Mais ce n'est pas tant le fait d'exposer un point de vue biaisé qui peut être reproché à ce film, mais bien de le faire d'une manière qui confine à l'habitude chronique quasi pathologique : les Occidentaux sont les gentils, les Russes sont les méchants (et alcooliques pour la plupart, étant donné la tête que fait Khrouchtchev lors de la seule séquence du film dans laquelle il apparaît en plan rapproché).
Un constat qu'il faut néanmoins un peu nuancé puisque le film illustre une entente qui s'est faite entre le colonel soviétique Oleg Penkovsky et un duo formé de la CIA et des services secrets britanniques. Jusque là, rien de bien extraordinaire.
Tout l'intérêt du film repose dans l'identité de la personne recrutée pour servir d'intermédiaire entre les deux parties : Greville Wynne, un modeste représentant de commerce anglais.

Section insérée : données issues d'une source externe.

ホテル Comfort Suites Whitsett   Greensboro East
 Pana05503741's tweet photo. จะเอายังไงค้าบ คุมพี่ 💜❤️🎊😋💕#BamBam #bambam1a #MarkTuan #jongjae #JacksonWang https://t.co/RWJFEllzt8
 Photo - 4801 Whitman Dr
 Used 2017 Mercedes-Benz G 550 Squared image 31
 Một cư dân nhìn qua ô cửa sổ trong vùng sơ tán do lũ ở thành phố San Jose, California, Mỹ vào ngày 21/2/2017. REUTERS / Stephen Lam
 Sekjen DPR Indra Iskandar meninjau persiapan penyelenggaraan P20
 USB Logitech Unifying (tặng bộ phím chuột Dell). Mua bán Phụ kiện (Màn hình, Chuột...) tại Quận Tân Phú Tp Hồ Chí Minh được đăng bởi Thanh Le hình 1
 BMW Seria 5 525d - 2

Si le sujet peut sembler intéressant mais déçoit par son traitement, il reste néanmoins les personnages au cœur de ce récit et surtout les représentations qu'en font les deux acteurs principaux, Benedict Cumberbatch et Merab Ninidze. Et quelles représentations ! Les deux acteurs sont tout simplement excellents et parviennent à faire passer les émotions avec beaucoup de justesse et d'efficacité. C'est peu dire que le film mérite d'être vu rien que pour l'interprétation de ces deux-là.
Pour le reste, rien de très spécial à relever. Le film s'inscrit dans un ultra classicisme apaisant bien qu'il aurait été appréciable de dynamiser certains moments. Mais non, le réalisateur semble presque vouloir à tout prix éviter cela, les passages les plus à même d'être dynamique étant ceux qui semble s'enchaîner le plus vite.
À noter, si cela peut amplifier un peu la nuance faite plus tôt à propos du manichéisme du long-métrage, que les agents du MI6 sont montrés dans le film comme étant ceux qui refusent de mettre en péril des agents de leur service pour sauver Greville lorsque celui-ci se retrouve emprisonné en Union Soviétique. Qu'il soit avéré ou non que cela ce soit effectivement passé ainsi, c'est une bien simpliste manière d'assombrir un peu le côté "des gentils du film".
Ainsi lorsque l'écran s'éteint et que la salle se rallume, le mot "ordinaire" du titre français prend un sens un peu plus large. Ordinaire, le film de Dominic Cooke l'aura été à plus d'un titre. Très agréable à regarder, du point de vue plastique mais surtout des performances d'acteurs, mais manquant d'ambition, ne traitant que les événements les plus connus autour de cette histoire (la crise des missiles de Cuba en premier lieu) avec un manichéisme certain.
Ma scène préférée :
Lorsque Sheila Wynne rend visite à son mari enfermé en prison en URSS. Elle le retrouve aminci, brisé, mais toujours en quête d'espoir L'alchimie entre les deux interprètes se ressent très bien dans cette scène et la performance de Benedict Cumberbatch est tout particulièrement bluffante.